Each member of the panel of valuation experts provides guidance consistent with the mandatory regulatory constraints on valuation assumptions and methodologies in the healthcare industry.  Specific risks under the Stark Law and Anti-kickback statute are addressed in a separate Chapter along with real advice on how to deal with them in a valuation engagement.  The import of the nonprofit hospital sector is addressed in another chapter on inurement and tax exemption issues.  The risks associated with valuation engagements in a unique practice area are examined in a new chapter on the Bradford Regional case, including some suggestions on the choice of valuation model assumptions where the parties are in a position to refer to one another.  A detailed analysis of the unwarranted abuse of the Cost Approach in valuing goodwill and other intangible assets written by a number of leading experts rounds out the regulatory discussion. 

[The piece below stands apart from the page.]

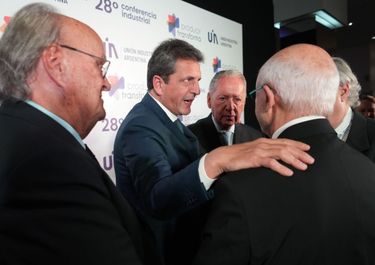 A media máquina: la UIA alerta por la falta de insumos y la caída del consumo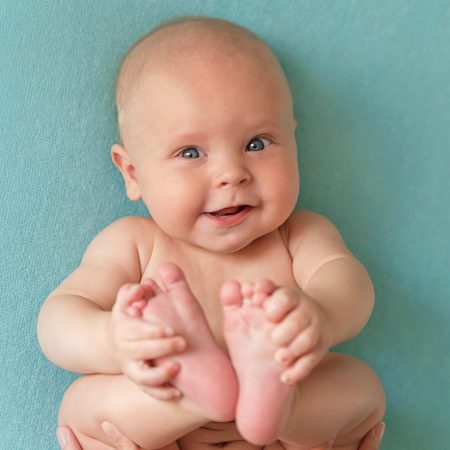 baby auf blauer Decke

Notably, each of the valuation chapters provides keen insights on the significance of understanding the revenue cycle.  The manner in which healthcare providers – such as physicians, hospitals, imaging or ambulatory surgery centers – are paid or reimbursed for their services varies radically.  As such, an assumption about inflation or growth in per unit reimbursement appropriate for one of these sectors may be wholly inappropriate for another.

The most significant additions to the Third Edition are five chapters totaling 65,000 words representing the first comprehensive application of the general principles of business valuation to Compensation Valuation.  With the present trend of increasing physician employment by hospitals and health systems, compensation valuation is becoming the most important focus of the valuation community.  These five chapters cover the economics of physician practices along with the Income, Market and Coast approaches to value.

 The largest number of provider entities and the most frequent valuation engagement remains physician practices and the Guide reflects this.  In addition to a new chapter on physician buy-ins and buyouts and a revised and updated chapter on valuation methods for physicians, the Guide includes chapters on personal and enterprise goodwill and noncompete agreements, how to analyze CPT™ codes, damages and the use of MGMA data.  Two chapters address the tax aspects of transactions, which can have a significant affect on the manner in which a valuation method is approached. Where a medical practice valuation is the most common form of healthcare valuation, the most common reason for that valuation is a divorce.  Two chapters on the unique issues of divorce valuation are also included.  

 Physician business relationships with Hospitals and other provider entities are perhaps the major driving force in the healthcare industry today and the Guide devotes seven separate chapters to valuation engagements in this critical market segment, including a new chapter on whole-hospital co-management agreements.  I am certain the heretofore unseen scale of these comprehensive works will stand as a major contribution to the healthcare community’s Body of Knowledge. 

 The Guide’s final segment contains chapters on the valuation of Imaging Centers, Ambulatory Surgery Centers, Dialysis Centers, Hospitals, Home Health Agencies and a new chapter on valuation issues associated with Accountable Care Organizations.

 As Editor and Technical Editor for this Third Edition of the Guide and on behalf of the American Health Lawyers Association and Business Valuation Resources, our thanks to all of the contributors for their hard work on behalf of their colleagues, who we are certain, will find the Guide to Healthcare Valuation an important and valuable addition to their professional library.